Information shown: Begin
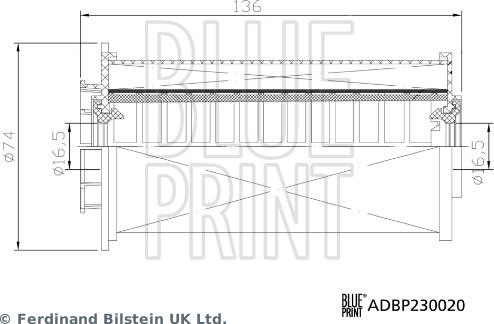 Blue Print ADBP230020 - Filtro combustible parts5.com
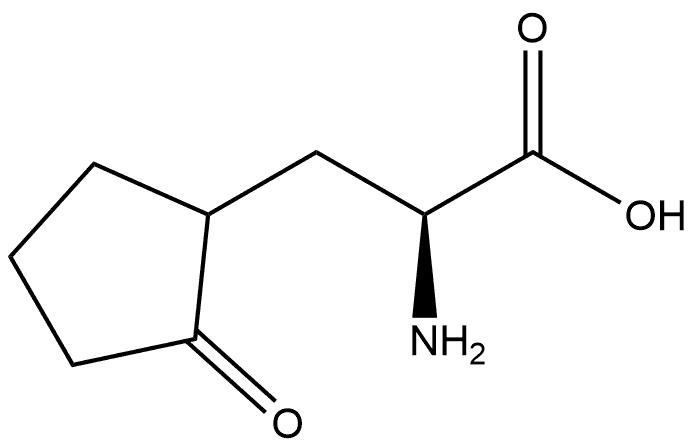 Cyclopentanepropanoic acid, α-amino-2-oxo-, (αS)- Struktur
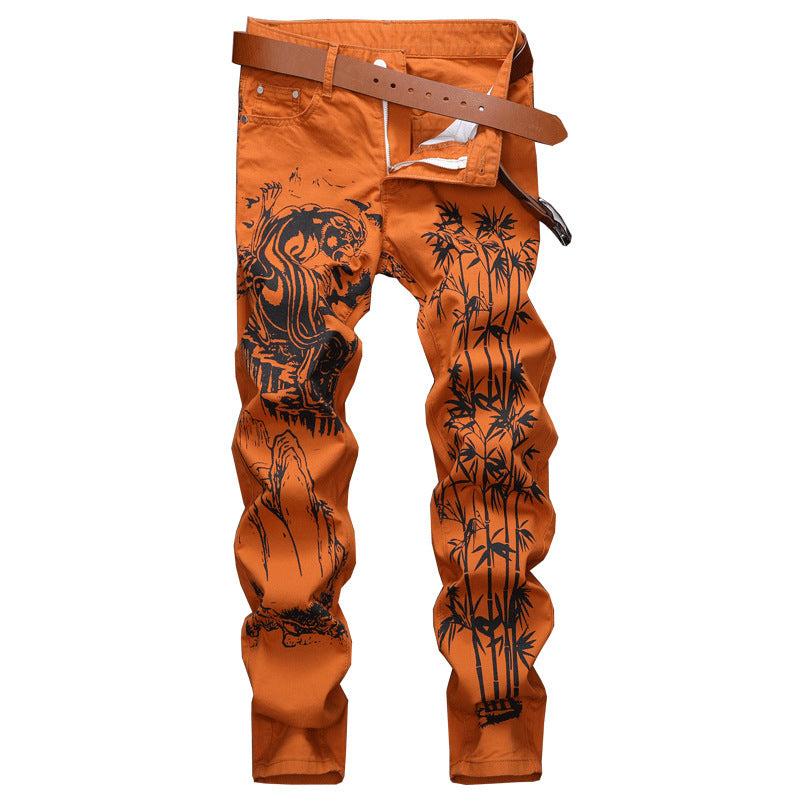 Men's Shark White Painting Printed Black Jeans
Information shown: End
- [Your instructions] Extract word for word every line from the line that contains "Cyclopentanepropanoic acid, α-amino-2-oxo-, (αS)- Struktur" to the final line of the data, both included, and nothing else; skip the pictures.

- [Solution to the problem]
 Cyclopentanepropanoic acid, α-amino-2-oxo-, (αS)- Struktur
 Men's Shark White Painting Printed Black Jeans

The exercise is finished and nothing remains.